WORK ITEM
Each line in the material below, starting at the one that contains "Egypte - Procession" and ending at the one that contains "Lampu Liontin Kristal", should be repeated exactly; the pictures should not.

EXERCISE DATA
--------------------------------------------------
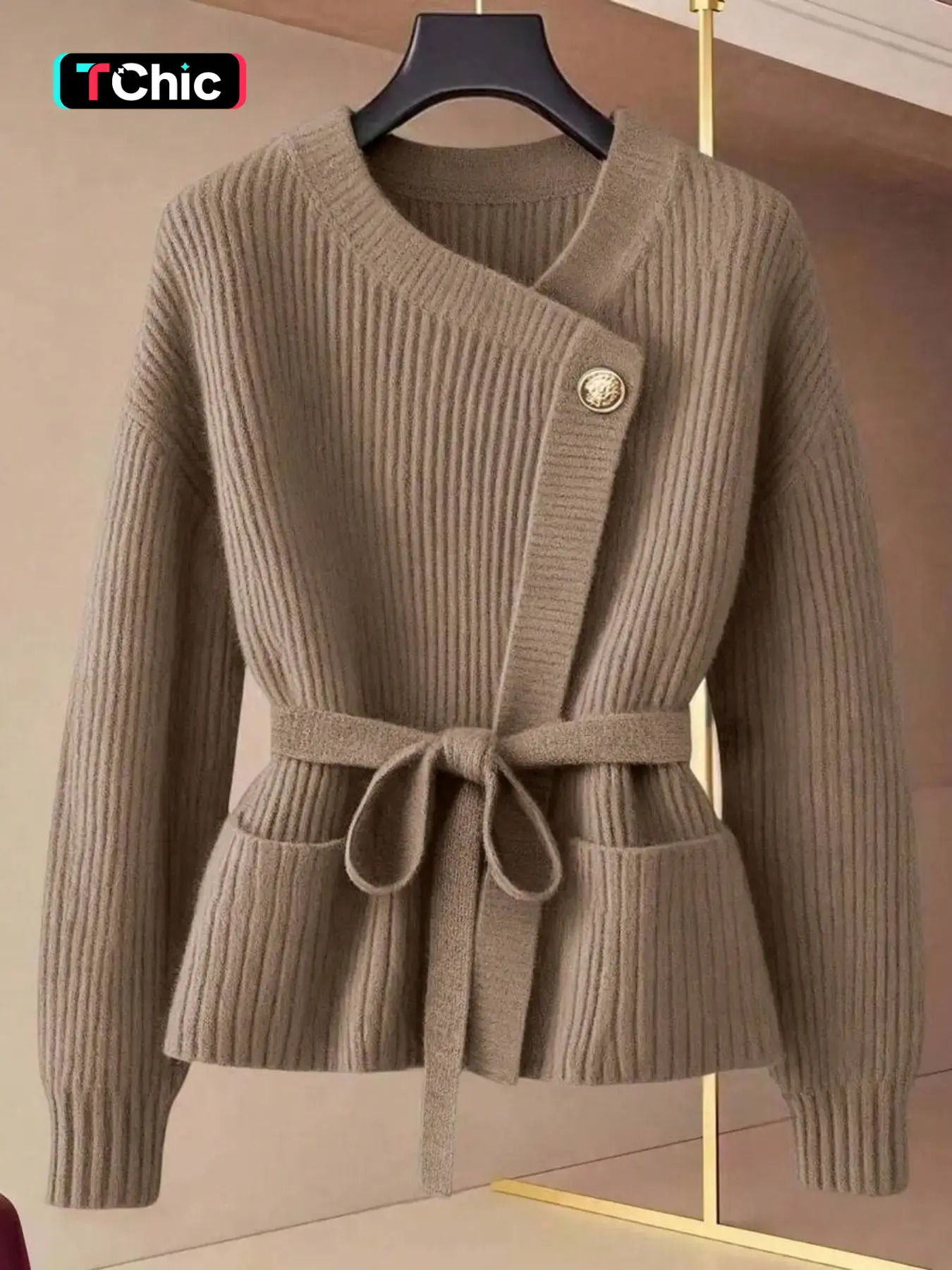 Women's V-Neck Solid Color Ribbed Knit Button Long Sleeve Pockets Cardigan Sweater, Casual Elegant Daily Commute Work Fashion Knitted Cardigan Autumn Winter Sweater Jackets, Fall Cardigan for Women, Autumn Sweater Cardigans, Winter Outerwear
--------------------------------------------------
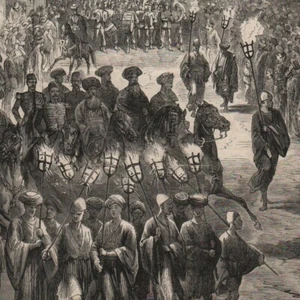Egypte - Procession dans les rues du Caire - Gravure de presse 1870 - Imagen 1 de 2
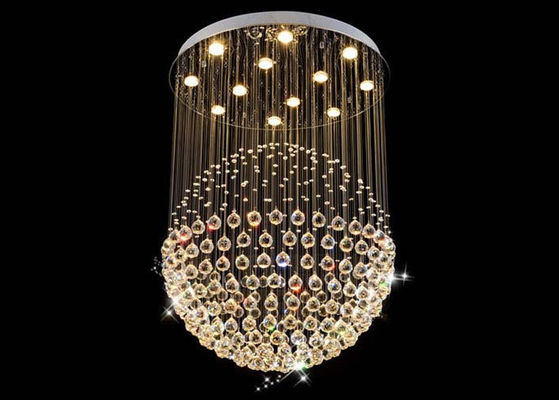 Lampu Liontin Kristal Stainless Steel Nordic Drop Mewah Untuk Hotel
--------------------------------------------------
EXERCISE SOLUTION
Egypte - Procession dans les rues du Caire - Gravure de presse 1870 - Imagen 1 de 2
 Lampu Liontin Kristal Stainless Steel Nordic Drop Mewah Untuk Hotel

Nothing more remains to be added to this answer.